Work item:
Would you return the lines between the one holding "Stare drzwi- cena za trzy sztuki ." and the one holding "Wabup-kerinci-jambi-Murison-Diarak-Naik-Traktor-Pertanian.jpg", inclusive, and only those, exactly as they stand in the listing below?

Provided data:
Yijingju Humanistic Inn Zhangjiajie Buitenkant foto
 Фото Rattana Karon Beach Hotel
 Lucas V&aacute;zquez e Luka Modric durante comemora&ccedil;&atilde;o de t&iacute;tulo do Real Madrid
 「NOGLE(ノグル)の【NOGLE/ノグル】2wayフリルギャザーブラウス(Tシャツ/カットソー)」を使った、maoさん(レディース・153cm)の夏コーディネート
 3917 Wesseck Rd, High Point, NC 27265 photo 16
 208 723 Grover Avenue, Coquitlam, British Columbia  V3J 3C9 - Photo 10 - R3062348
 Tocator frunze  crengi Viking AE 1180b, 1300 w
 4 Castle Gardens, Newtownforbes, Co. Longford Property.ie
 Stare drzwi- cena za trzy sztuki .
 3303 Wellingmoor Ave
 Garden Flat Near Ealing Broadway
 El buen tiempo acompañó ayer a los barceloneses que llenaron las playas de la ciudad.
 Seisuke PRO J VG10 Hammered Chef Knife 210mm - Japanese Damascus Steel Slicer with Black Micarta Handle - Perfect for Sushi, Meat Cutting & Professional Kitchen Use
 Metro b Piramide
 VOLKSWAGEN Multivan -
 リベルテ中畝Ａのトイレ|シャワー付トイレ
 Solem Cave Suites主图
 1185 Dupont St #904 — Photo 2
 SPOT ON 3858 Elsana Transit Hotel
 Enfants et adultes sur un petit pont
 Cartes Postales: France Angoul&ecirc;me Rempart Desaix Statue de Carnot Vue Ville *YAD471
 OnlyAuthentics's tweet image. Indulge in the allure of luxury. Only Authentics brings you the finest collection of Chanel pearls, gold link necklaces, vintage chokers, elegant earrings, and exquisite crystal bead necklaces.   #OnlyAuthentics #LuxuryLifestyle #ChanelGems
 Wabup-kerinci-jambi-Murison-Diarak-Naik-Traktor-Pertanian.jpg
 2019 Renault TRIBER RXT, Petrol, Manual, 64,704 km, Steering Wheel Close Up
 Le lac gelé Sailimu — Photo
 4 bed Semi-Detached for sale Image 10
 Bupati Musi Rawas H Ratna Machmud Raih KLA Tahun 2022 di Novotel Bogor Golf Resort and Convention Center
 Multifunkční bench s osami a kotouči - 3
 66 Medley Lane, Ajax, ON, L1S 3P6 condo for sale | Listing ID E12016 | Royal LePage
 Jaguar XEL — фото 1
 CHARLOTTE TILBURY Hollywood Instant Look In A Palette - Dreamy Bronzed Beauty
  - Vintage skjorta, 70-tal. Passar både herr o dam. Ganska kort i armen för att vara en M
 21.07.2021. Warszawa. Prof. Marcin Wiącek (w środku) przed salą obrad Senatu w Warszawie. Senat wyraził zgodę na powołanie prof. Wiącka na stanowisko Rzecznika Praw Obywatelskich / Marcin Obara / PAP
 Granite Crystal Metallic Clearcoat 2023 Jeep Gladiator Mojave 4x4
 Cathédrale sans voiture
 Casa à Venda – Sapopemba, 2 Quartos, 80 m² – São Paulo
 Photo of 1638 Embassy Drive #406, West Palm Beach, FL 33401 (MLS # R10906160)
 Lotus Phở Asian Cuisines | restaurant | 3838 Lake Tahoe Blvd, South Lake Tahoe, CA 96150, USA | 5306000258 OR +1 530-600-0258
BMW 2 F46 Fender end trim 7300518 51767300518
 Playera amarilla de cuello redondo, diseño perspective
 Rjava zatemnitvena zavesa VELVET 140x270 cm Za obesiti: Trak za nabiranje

Exercise solution:
 Stare drzwi- cena za trzy sztuki .
 3303 Wellingmoor Ave
 Garden Flat Near Ealing Broadway
 El buen tiempo acompañó ayer a los barceloneses que llenaron las playas de la ciudad.
 Seisuke PRO J VG10 Hammered Chef Knife 210mm - Japanese Damascus Steel Slicer with Black Micarta Handle - Perfect for Sushi, Meat Cutting & Professional Kitchen Use
 Metro b Piramide
 VOLKSWAGEN Multivan -
 リベルテ中畝Ａのトイレ|シャワー付トイレ
 Solem Cave Suites主图
 1185 Dupont St #904 — Photo 2
 SPOT ON 3858 Elsana Transit Hotel
 Enfants et adultes sur un petit pont
 Cartes Postales: France Angoul&ecirc;me Rempart Desaix Statue de Carnot Vue Ville *YAD471
 OnlyAuthentics's tweet image. Indulge in the allure of luxury. Only Authentics brings you the finest collection of Chanel pearls, gold link necklaces, vintage chokers, elegant earrings, and exquisite crystal bead necklaces.   #OnlyAuthentics #LuxuryLifestyle #ChanelGems
 Wabup-kerinci-jambi-Murison-Diarak-Naik-Traktor-Pertanian.jpg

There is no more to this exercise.